Problem statement:
What is needed is an exact reproduction of the lines from the one that contains "Load image into" through the end of the data, both included and nothing else, with pictures omitted.

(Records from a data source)
□ □ □ □ □
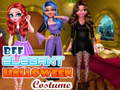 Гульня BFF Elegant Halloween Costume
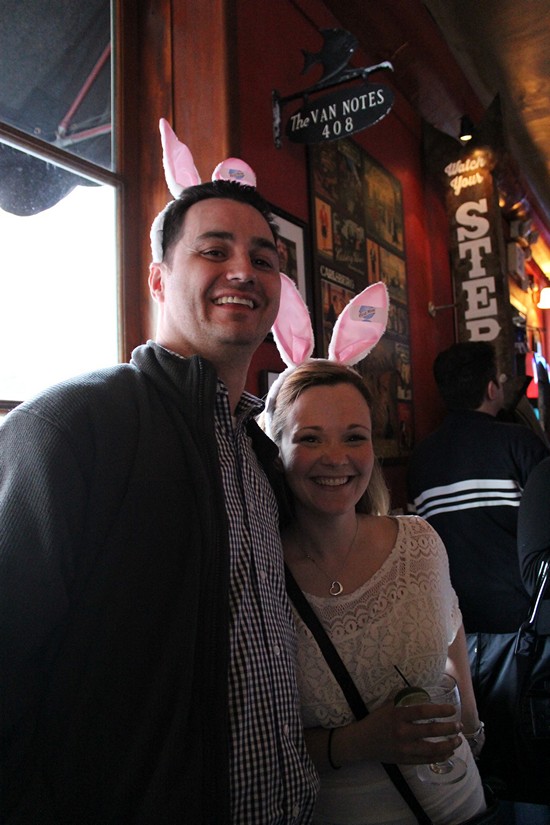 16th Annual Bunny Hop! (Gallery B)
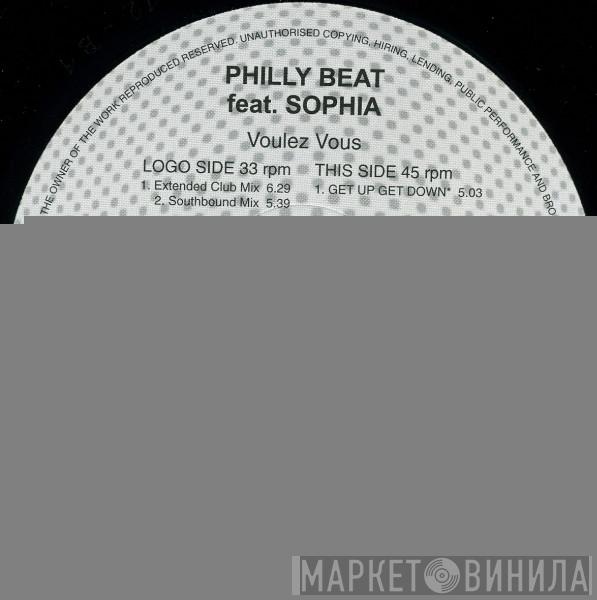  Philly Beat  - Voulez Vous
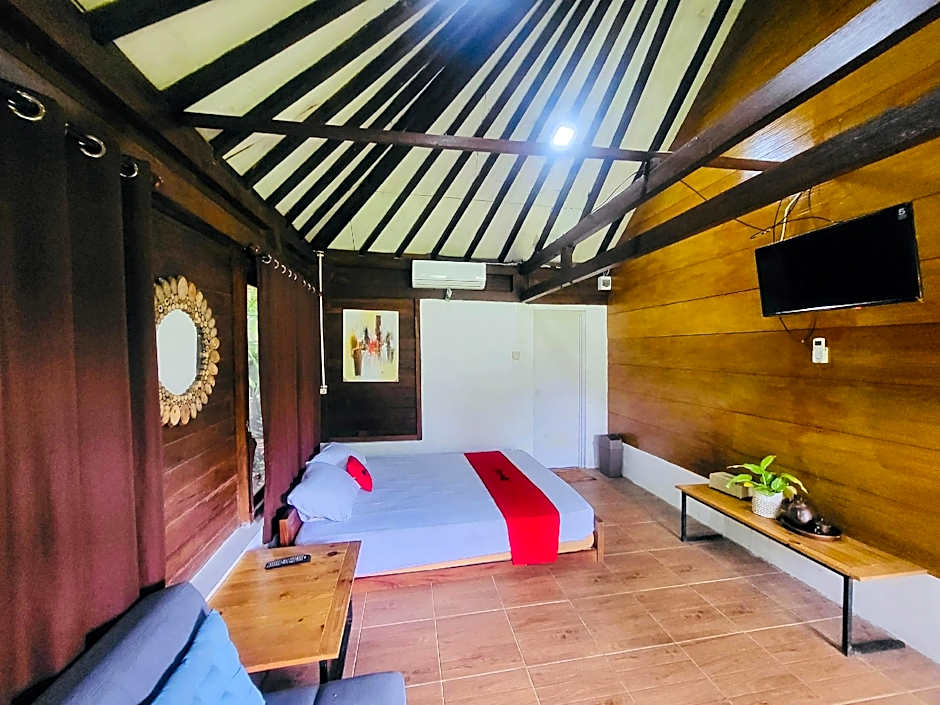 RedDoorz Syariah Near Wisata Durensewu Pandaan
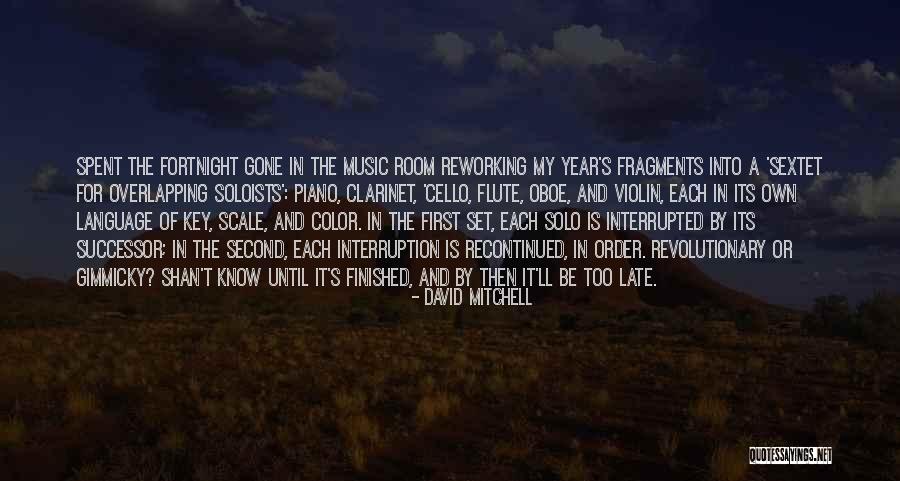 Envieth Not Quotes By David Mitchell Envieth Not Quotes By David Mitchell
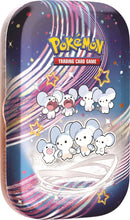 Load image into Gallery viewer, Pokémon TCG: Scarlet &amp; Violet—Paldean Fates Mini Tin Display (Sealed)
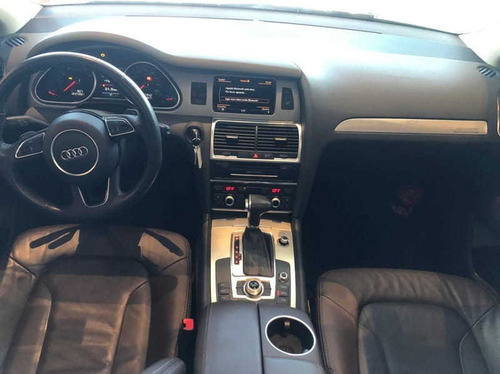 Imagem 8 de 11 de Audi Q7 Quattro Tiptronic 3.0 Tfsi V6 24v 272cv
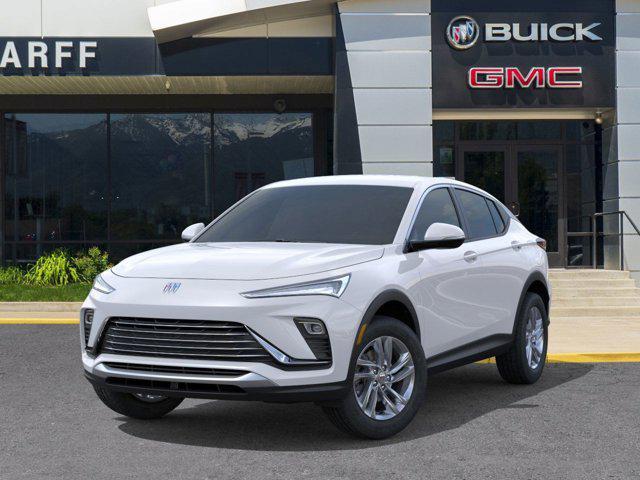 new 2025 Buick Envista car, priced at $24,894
□ □ □ □ □
Answer box:
 Load image into Gallery viewer, Pokémon TCG: Scarlet &amp; Violet—Paldean Fates Mini Tin Display (Sealed)
 Imagem 8 de 11 de Audi Q7 Quattro Tiptronic 3.0 Tfsi V6 24v 272cv
 new 2025 Buick Envista car, priced at $24,894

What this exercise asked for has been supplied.